### Activity
A faithful, word-for-word copy of the data below is required, without pictures.

╭─ Data records

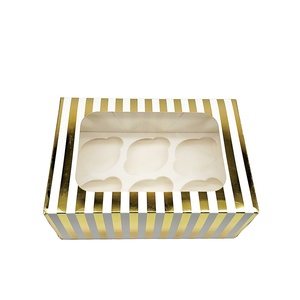 Vàng hộp phim bao gồm cho cupcakes cá nhân <span class=keywords><strong>cupcake</strong></span> hộp món tráng miệng Dip Platter với ngăn và lỗ <span class=keywords><strong>cupcake</strong></span> hộp giấy - Product Image 4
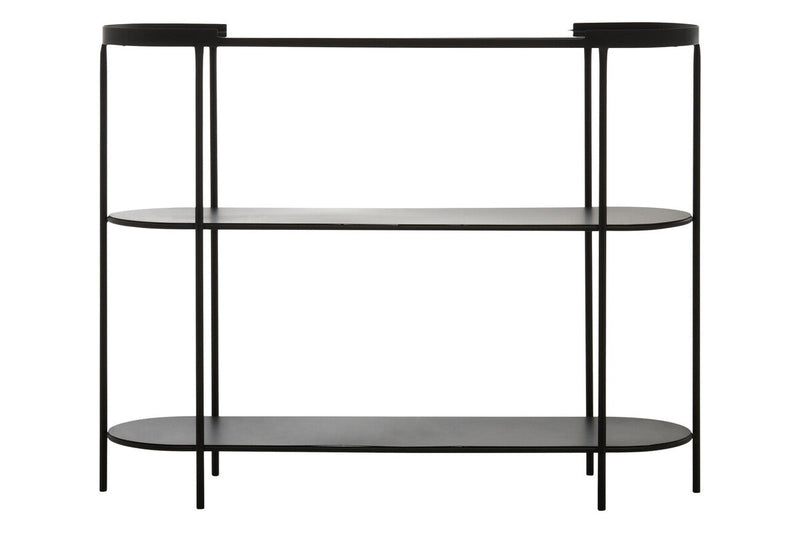 Grey Glass Top Console Table with Two-Tier Shelves and Black Metal Frame, Trento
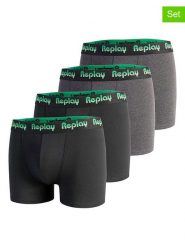 Replay Underwear Bokserki (4 pary) w kolorze szarym i czarnym rozmiar: M. Czarne bokserki Replay Underwear, m, bez wzorów. Za 86.99 zł.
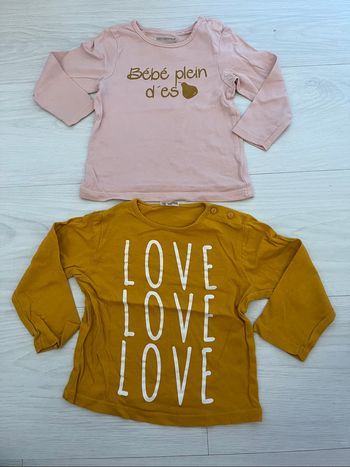 Lot 2 teeshirt manche longue 18mois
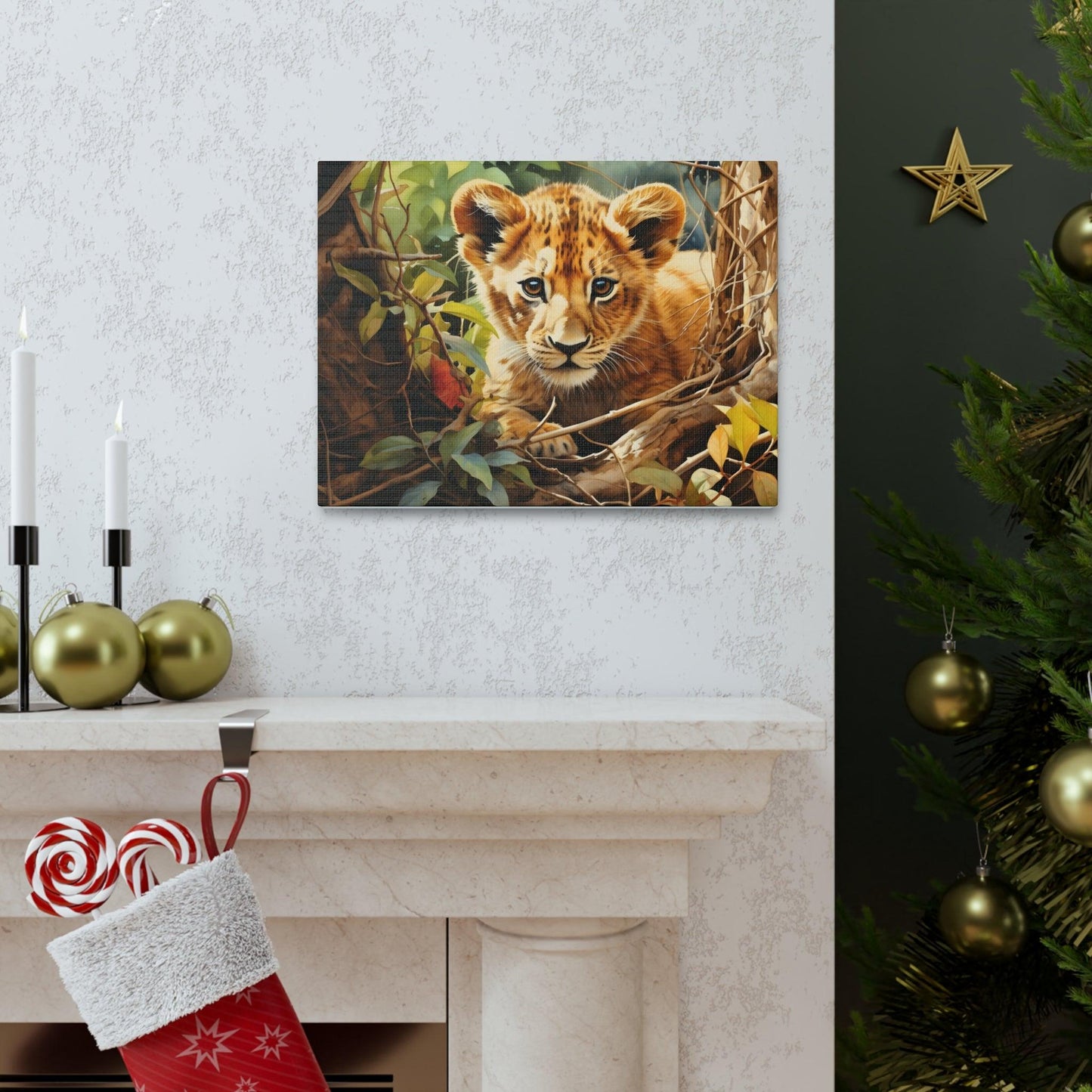 Watercolor Baby Lion In Nature Art Canvas Gallery Wraps Baby Lion Print Large Canvas Art Animal Wall Art minimalist Wall Art Lover Gift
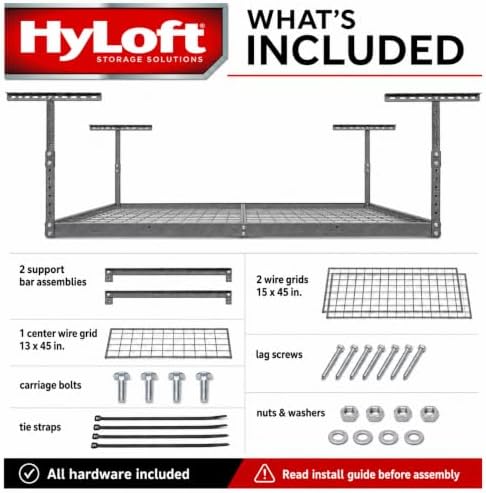 hyloft overhead steel garage storage system, ceiling rack, side view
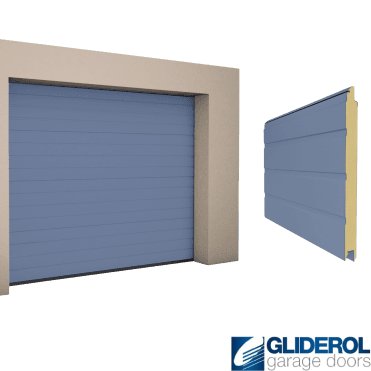 PIGEON BLUE (RAL5014) S-Rib woodgrain Sectional Garage Door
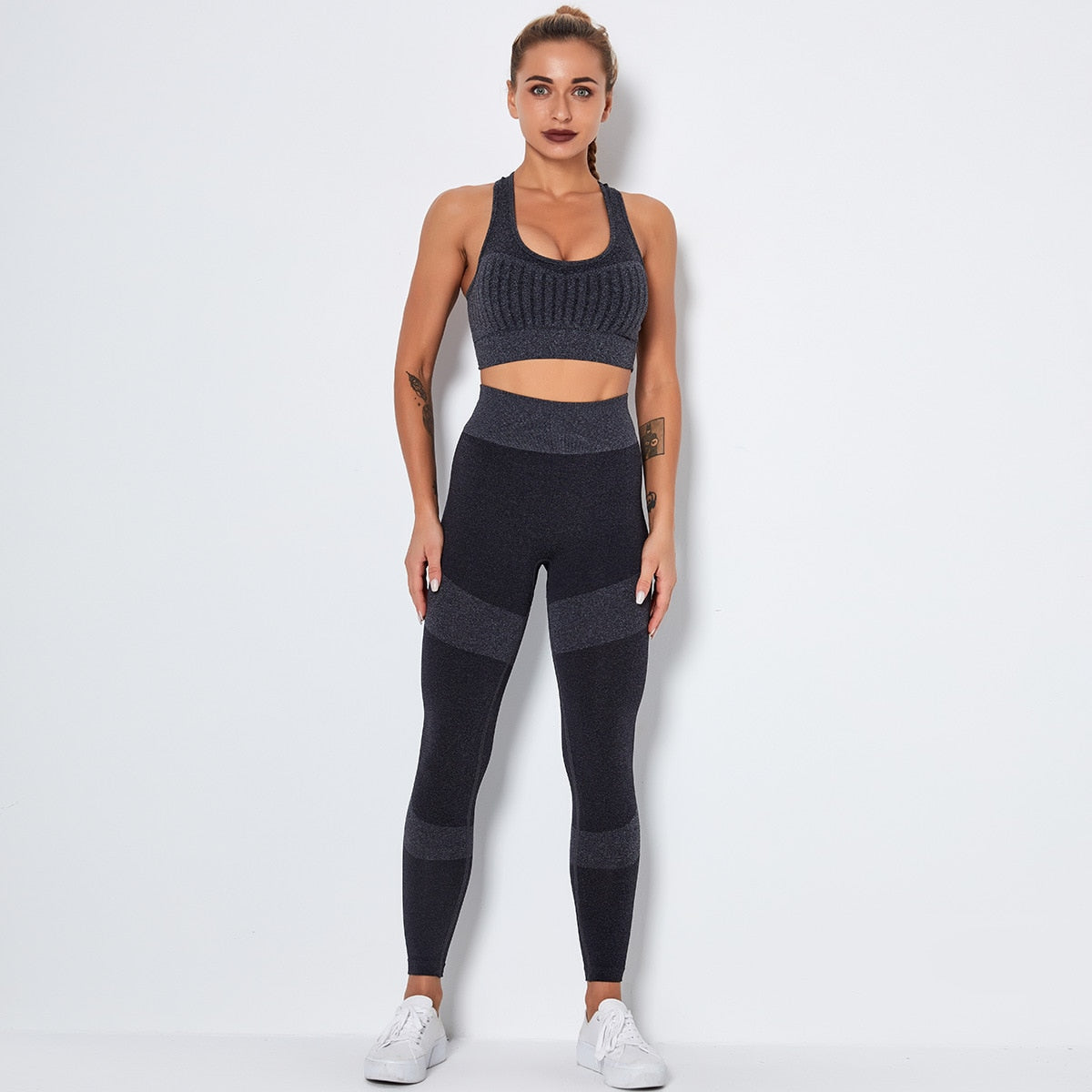Women's Sportswear Seamless Yoga Set Gym Clothing Sports Suits Fitness Bra Crop Top Legging Long Sleeve Shirt Fitness Shorts Set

╰─

### Your response
 Vàng hộp phim bao gồm cho cupcakes cá nhân <span class=keywords><strong>cupcake</strong></span> hộp món tráng miệng Dip Platter với ngăn và lỗ <span class=keywords><strong>cupcake</strong></span> hộp giấy - Product Image 4
 Grey Glass Top Console Table with Two-Tier Shelves and Black Metal Frame, Trento
 Replay Underwear Bokserki (4 pary) w kolorze szarym i czarnym rozmiar: M. Czarne bokserki Replay Underwear, m, bez wzorów. Za 86.99 zł.
 Lot 2 teeshirt manche longue 18mois
 Watercolor Baby Lion In Nature Art Canvas Gallery Wraps Baby Lion Print Large Canvas Art Animal Wall Art minimalist Wall Art Lover Gift
 hyloft overhead steel garage storage system, ceiling rack, side view
 PIGEON BLUE (RAL5014) S-Rib woodgrain Sectional Garage Door
Women's Sportswear Seamless Yoga Set Gym Clothing Sports Suits Fitness Bra Crop Top Legging Long Sleeve Shirt Fitness Shorts Set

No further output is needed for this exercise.